Standard libs are great, but they need to be modular. If they're modular then
they are versioned separately from the language, and at that point there's no
difference between a well specified and maintained lib (eg lodash) and a
stdlib.

------
SwellJoe
I recently started working seriously with node.js (I've tinkered over the
years since it was launched, and we provide some support for it in our
products, but never actually built anything with it). I went looking for a
library to deal with logins, authentication, password resets, etc. Normal
stuff that most web frameworks have some solutions for.

I found a package on npm that sounded like it did everything I wanted (plus a
few extra things, but I figured I could ignore those). It took longer than I
expected to install...so, I did a little digging. It had installed over 53,000
files, and the resulting directory was 110 MB in size!

I was absolutely flabbergasted. I couldn't believe installing one package, for
something seemingly simple, could balloon up that large. I won't name names,
as I did a little more poking around, and realized that _most_ npm
installations pull in thousands of files via automatic dependency resolution,
though this one was a particularly egregious example. I've gotten to where I
only install stuff via npm when I'm on a free connection; I normally work on
mobile broadband, which is very expensive (and adds up to almost $300/month
even before I started playing with npm).

Now, to be fair, it was pulling in a web framework...maybe Express or Hapi, I
don't remember which, and all of _its_ dependencies, so it was actually a lot
more than just the login module. The kind of annoying bit was I already had a
global installation of both of those frameworks from following tutorials, but
it still seemed to insist on pulling in its own preferred versions of stuff,
and putting them into the project directory.

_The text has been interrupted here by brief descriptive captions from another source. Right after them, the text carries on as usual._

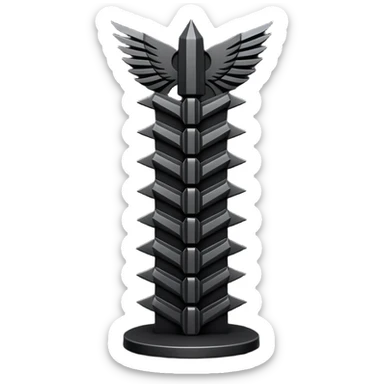 Minimal emoji, avant-garde gothic fashion totem made of stacked black metal elements, “FORTUNA” engraved vertically, editorial runway object aesthetic, heavy sculptural design, no glow, no neon, flat emoji style, centered, transparent background sticker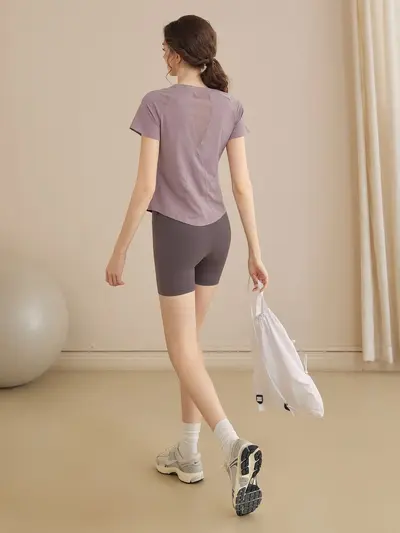 网纱速干瑜伽服女运动上衣短袖t恤透气显瘦跑步训练专业健身服夏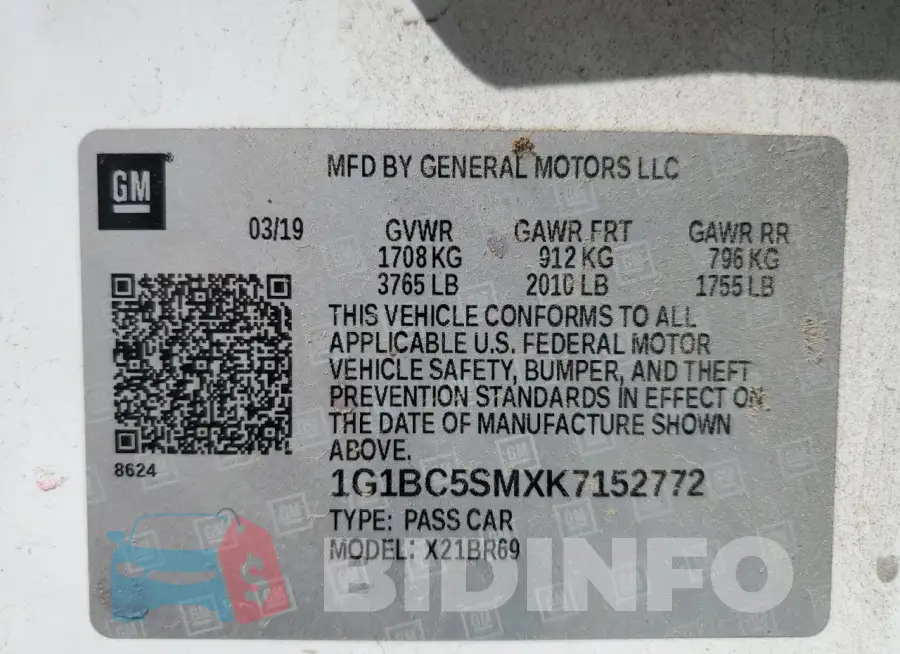 1G1BC5SMXK7152772 Photo# 12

I come from the Perl world, where if you don't spend at least half your time
looking for and evaluating libraries _before_ you start writing code, you're
not being very productive. I'm, frankly, overwhelmed by how big and unfiltered
the npm ecosystem is. I've found myself relieved to start tinkering with more
"all in one" libraries and frameworks, because I don't have the time or
knowledge to evaluate libs on my own. I ordinarily prefer a more a la carte
approach, where you just pull in what you need, and so big libraries and
frameworks don't fit that. But, I can't make sense out of the ecosystem
without some guidance. There are over 70,000 npm packages! Curation really has
turned out to be one of the big problems in computer science.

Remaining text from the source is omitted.